Is Google Attacking Endeca with Killer Prices?

June 23, 2010

I am not sure if this eWeek story is on the money, but I want to capture the alleged Google pricing for its eCommerce service. Judge for yourself by navigating to “Google Commerce Search 2.0 Gets Refinements, $25K Price Point.” The big dogs in eCommerce include / have included Dieselpoint, EasyAsk, Endeca, SLI Systems, Omniture Mercado, and a handful of other outfits. Price points range from $25,000 right on up to millions, depending on what the customers’ specifications are perceived to be. Keep in mind that scaling and tuning may add significantly to the cost of an ecommerce system.
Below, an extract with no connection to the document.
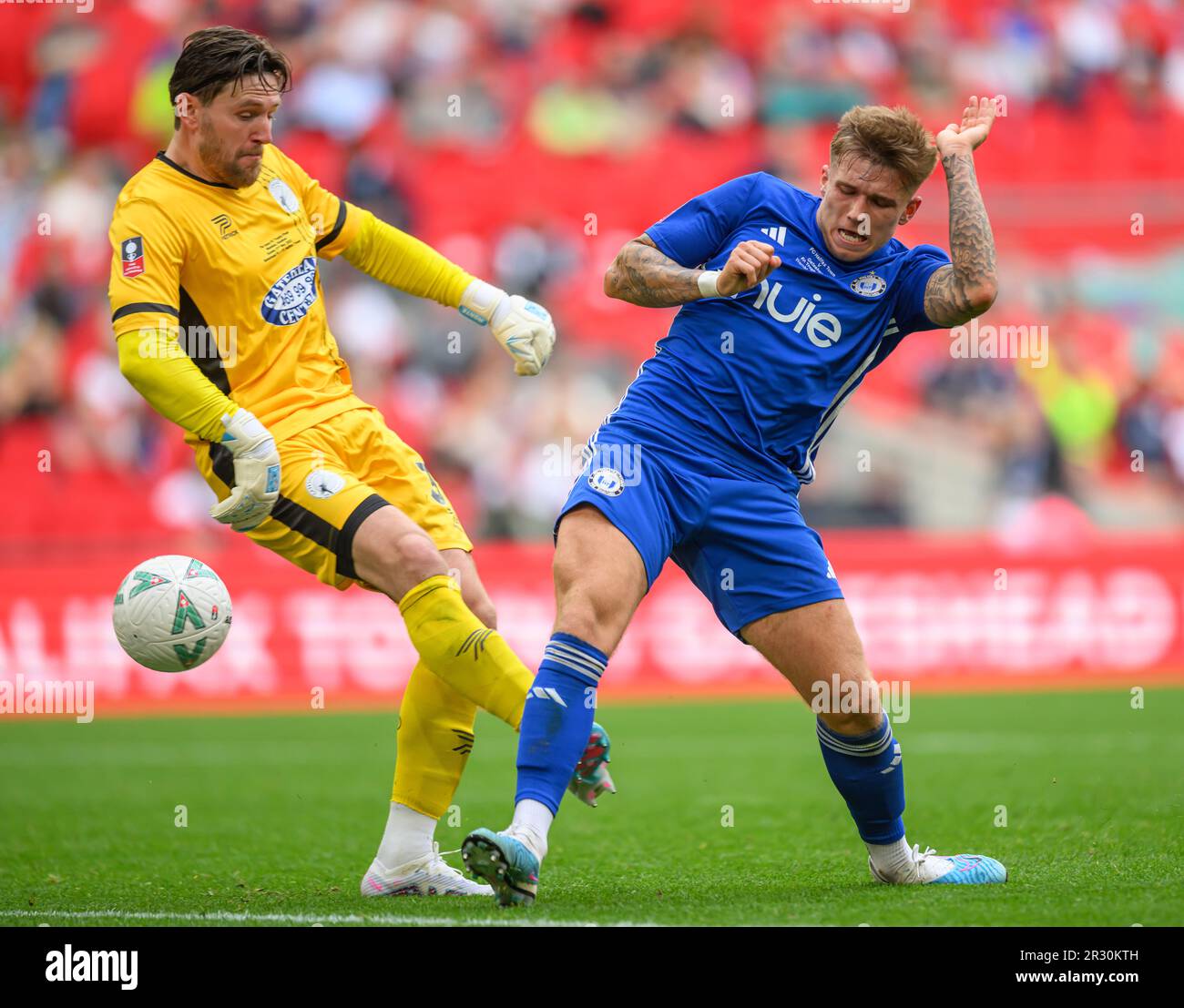 London, UK. 21st May, 2023. 21 May 2023 - Gateshead v FC Halifax Town - FA Trophy Final - Wembley Stadium FC Halifax Town's Jamie Cooke scores the winning goal during the FA Trophy Final at Wembey Stadium. Picture Credit: Mark Pain/Alamy Live News Stock Photo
For me the key paragraph was:

The search engine also added a new price point for Commerce Search. The original entry level price was $50,000 per year for an indexing of 100,000 items and up to 10 million queries. Google has cut that virtually in half to appeal to smaller businesses, or businesses with smaller needs. Businesses may now license Commerce Search for $25,000 per year, which is good for 50,000 products and 3 million queries. Customers will pay more as they scale.

So what? This price point is a bargain until one considers the sentence “Customers will pay more as they scale.” Budget that, grasshopper.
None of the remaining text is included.